O marechal de costas, de José Luiz Passos
Por Pedro Fernandes
“A história se repete, a primeira vez como
tragédia e a segunda como farsa”. A frase de Karl Marx, assim deslocada da obra
em que foi gestada nunca serviu tão bem ao momento pelo qual passamos – dentro
e fora do Brasil. Algumas forças que, displicentemente, pensávamos sepultadas nos
anais da história, voltam à ribalta e ameaçam cada vez mais assustadoramente
voltar aos tempos de razão cega e sectarista responsável pelos momentos mais
dolorosos de nossa curta estadia no mundo como civilização. E essa é a frase que
bem poderíamos apresentar como explicação metodológica sobre a criação de O marechal de costas, de José Luiz
Passos.
Agora, antes
de justificar a razão, é preciso fazer duas perguntas: uma é, qual o limite da realidade histórica metida num romance
e, outra, desmembrada da primeira, é, até que ponto o romancista pode controlar
as forças de seu tempo na influência de uma composição romanesca.

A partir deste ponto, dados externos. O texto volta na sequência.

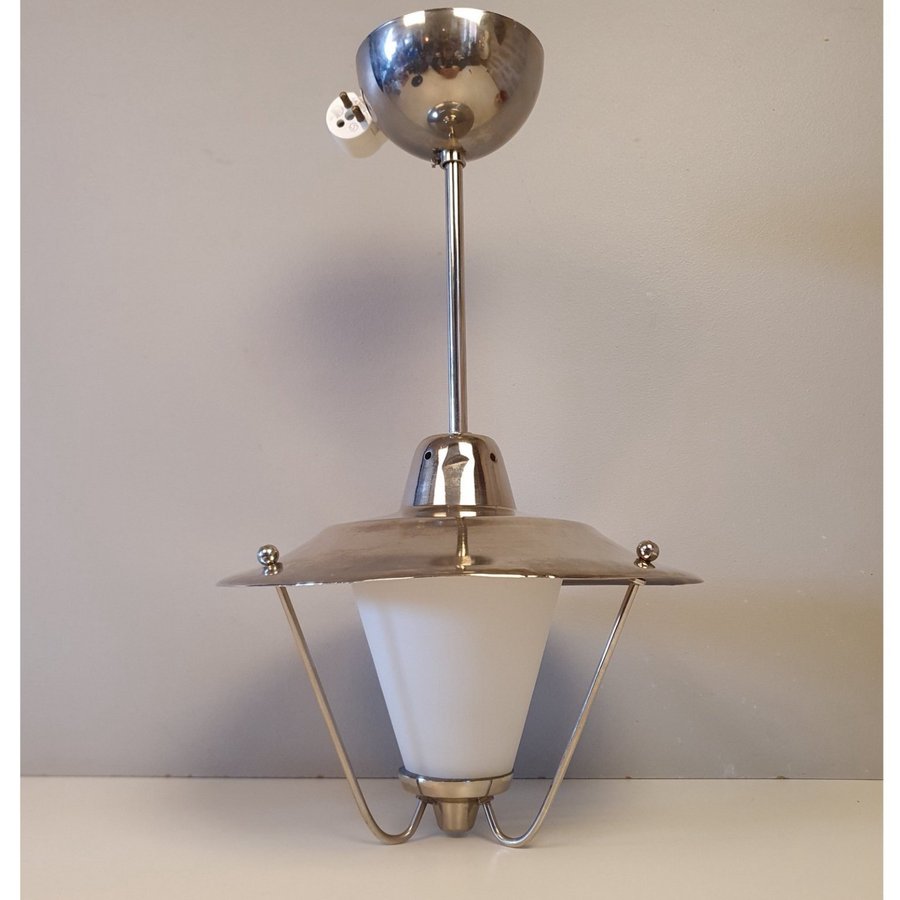 ** Retro taklampa opalglas torparlampa art deco lampa hallampa fönsterlampa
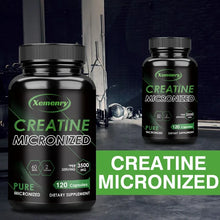 Load image into Gallery viewer, Creatine Monohydrate Capsules - Boosts Energy Levels, Builds Muscle Mass and Promotes Muscle Recovery - 120 Capsules
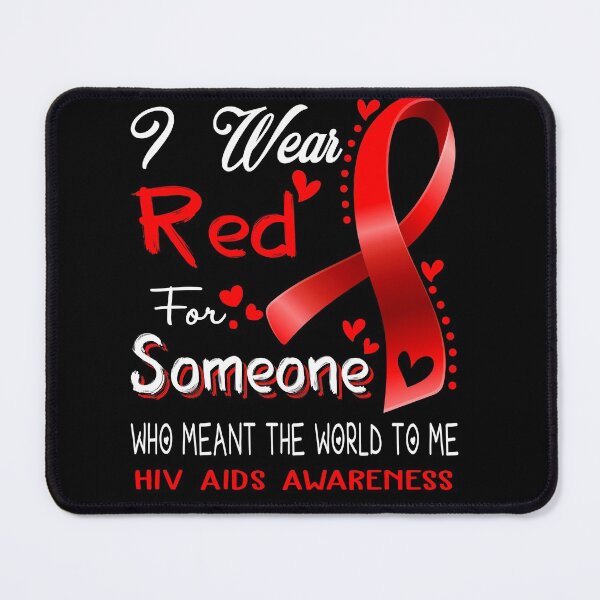 Item preview, I Wear Red For Someone HIV AIDS Awareness designed and sold by Adropine.
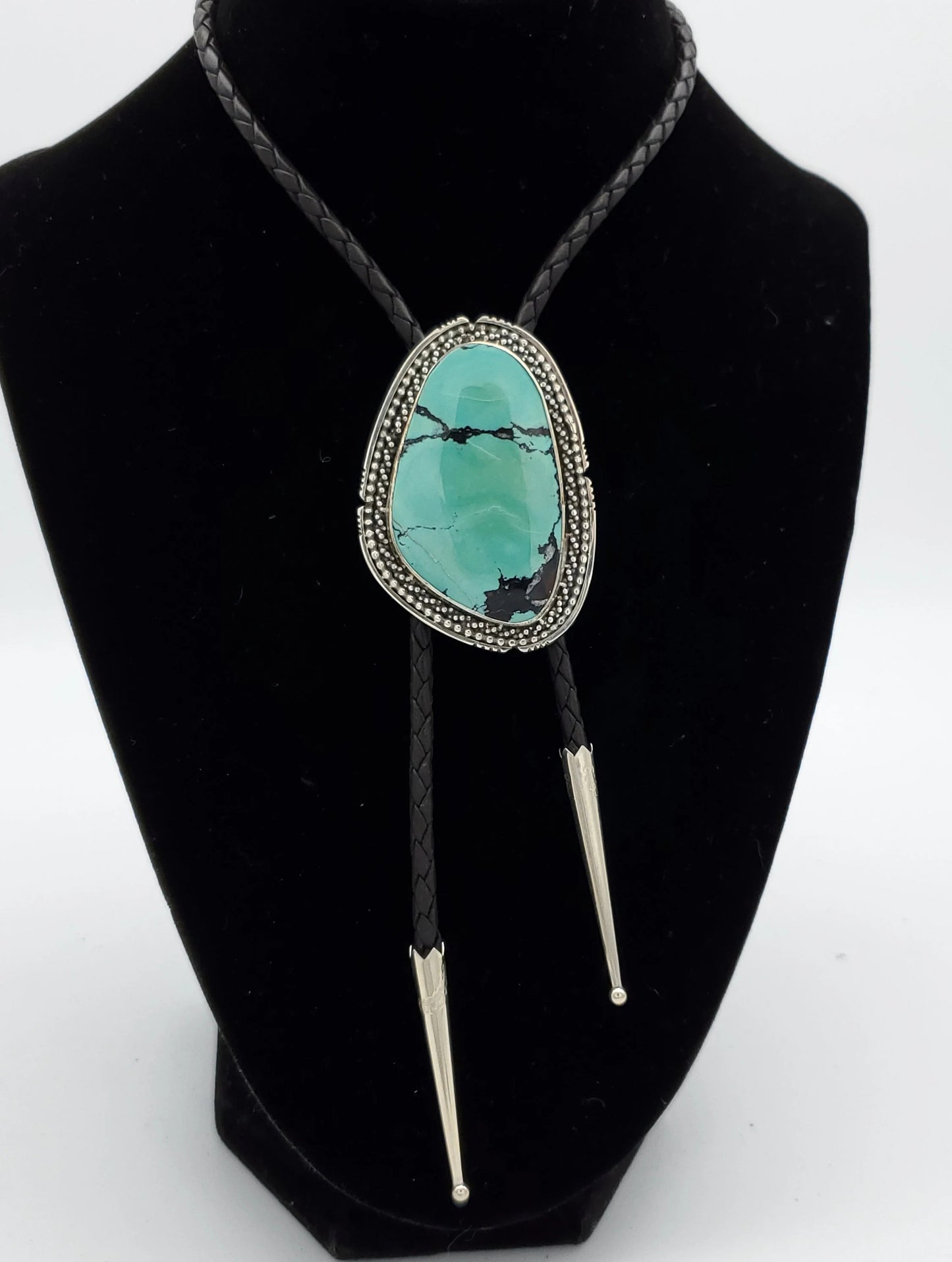 Hubei Turquoise Bolo Tie B003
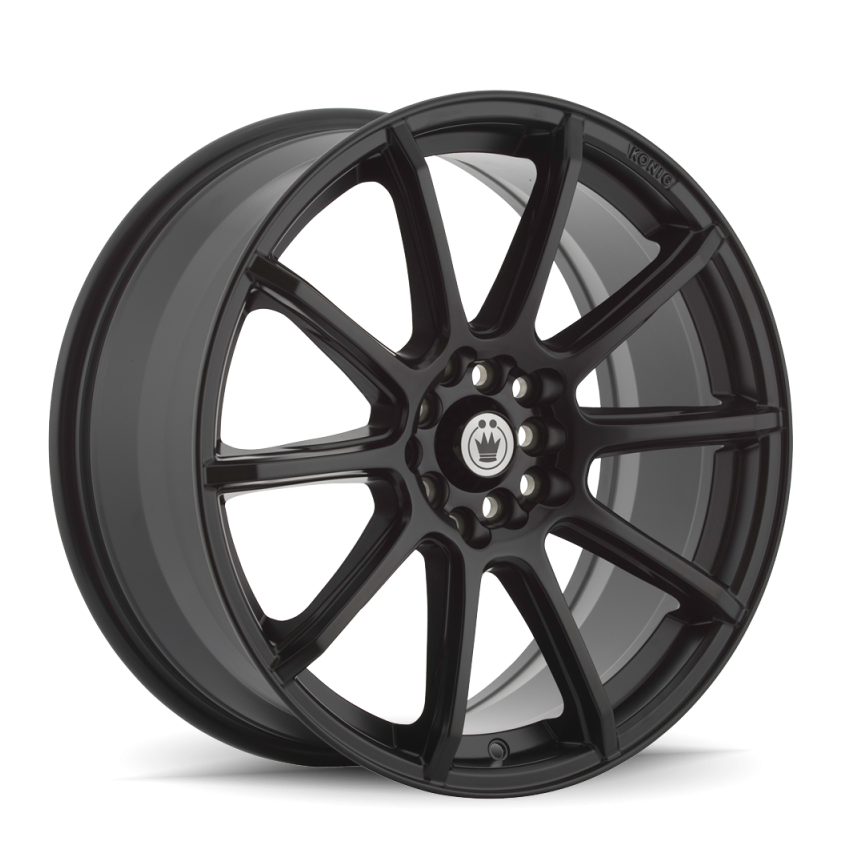 Konig Control 15x6.5 4x100 / 4x108 ET40 Matte Black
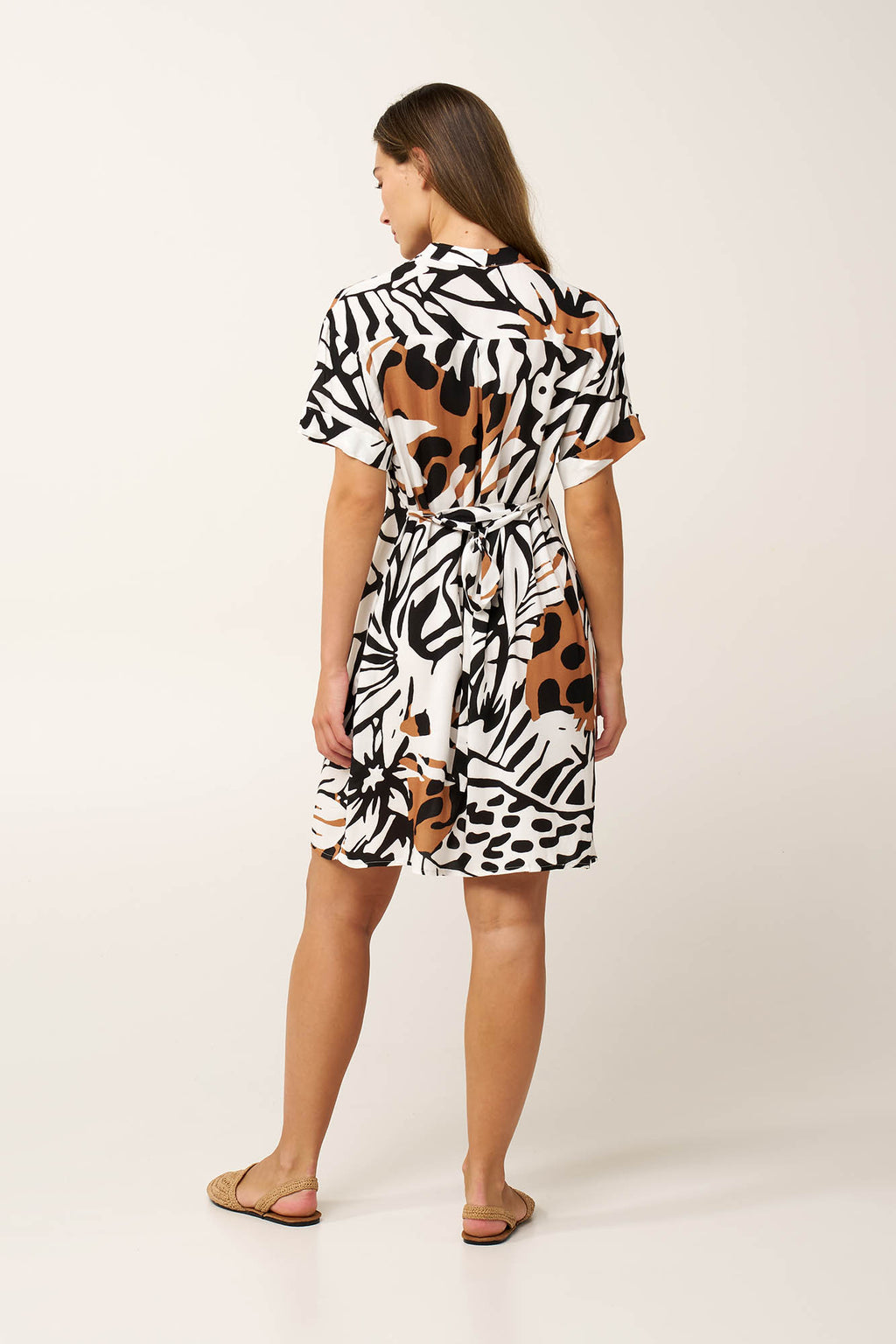 Vamp - Καλοκαιρινό Κουμπωτό Φόρεμα από Ποπλίνα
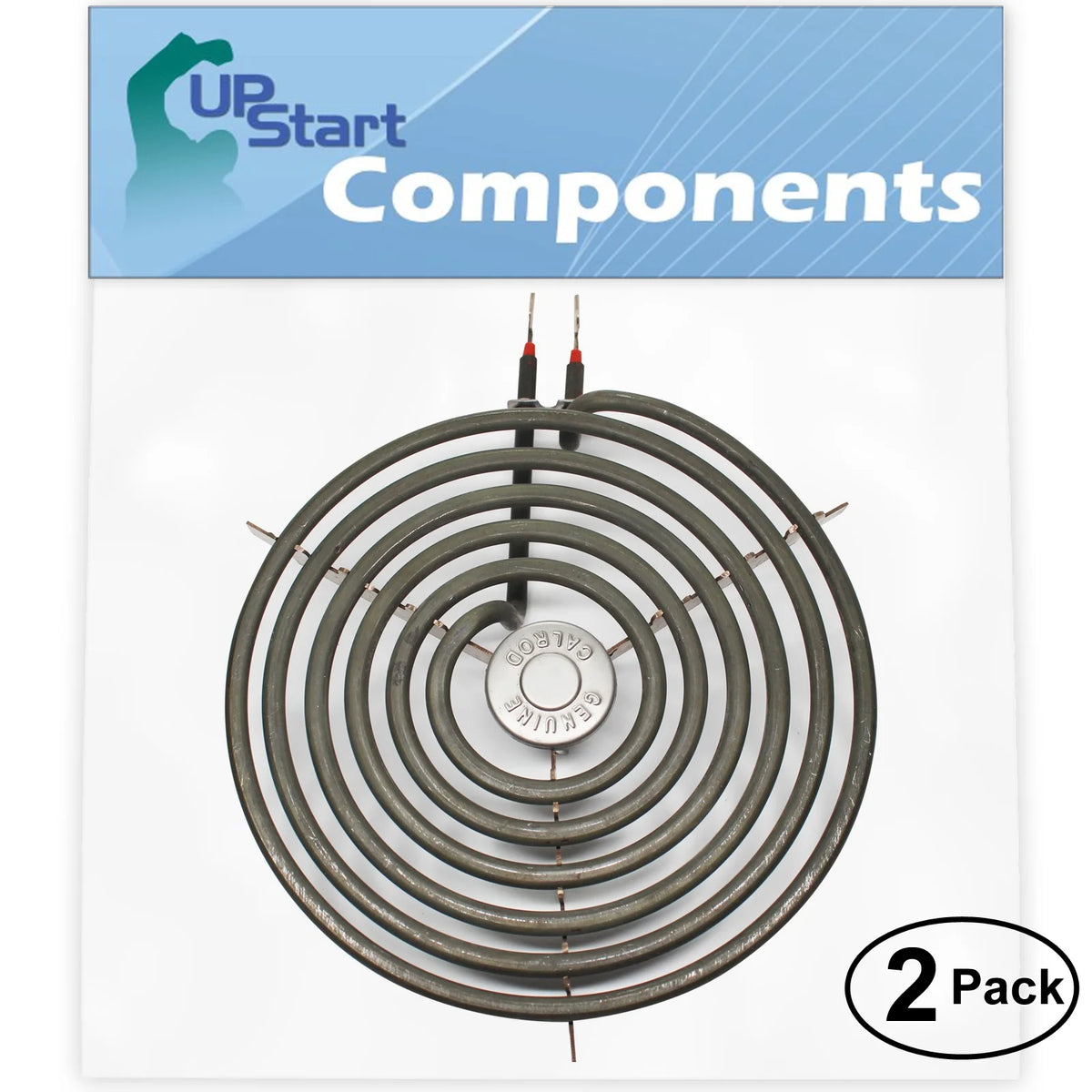 2-Pack 8 inch 6 Turns Surface Burner Element for Range J75156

Provavelmente, a resposta que obtivermos das duas questões justificará a afirmativa sobre a
relação entre a sentença deslocada de Marx e o romance de Luiz Passos.
A segunda
pergunta nasce de uma suspeita: parecerá ao leitor que o escritor trabalhava na
feitura de um romance de verve historiográfica ou meta-historiográfica, exercício de criação com muitas
possibilidades no âmbito da literatura brasileira, quando as insistentes
revoltas populares se repetiam com as manobras impostas ora por uma mídia
partidarista ora por uma grande quantidade de pessoas, massa de manobra nas redes
sociais, culminaram no golpe de 2016. É preciso dizer que talvez não haja
relação alguma entre as ruas e o cenário político desses últimos anos, por uma
razão muito simples: o golpe de 2016 faz parte de outra narrativa, a qual só
temos acesso ao ventilado pela imprensa, e até onde podemos ir, acompanhados da
opinião dos dissidentes, a dissolução do poder da presidenta Dilma Rousseff foi
fruto de uma ruptura interna de outras forças, as que verdadeiramente regiam o
país, e produto de um revanchismo quase infantil, aliás, só não designado dessa
maneira porque não praticado por uma criança.
Esse
burburinho, a história acontecendo, logo
serviu ao romancista de material para subsidiar a construção de outro fio que
envolvesse a narrativa principal de O
marechal de costas – título, aliás, que denuncia a suspeita – e pudesse construir,
como se num jogo de encaixe, uma segunda narrativa, a que reconta a história presente.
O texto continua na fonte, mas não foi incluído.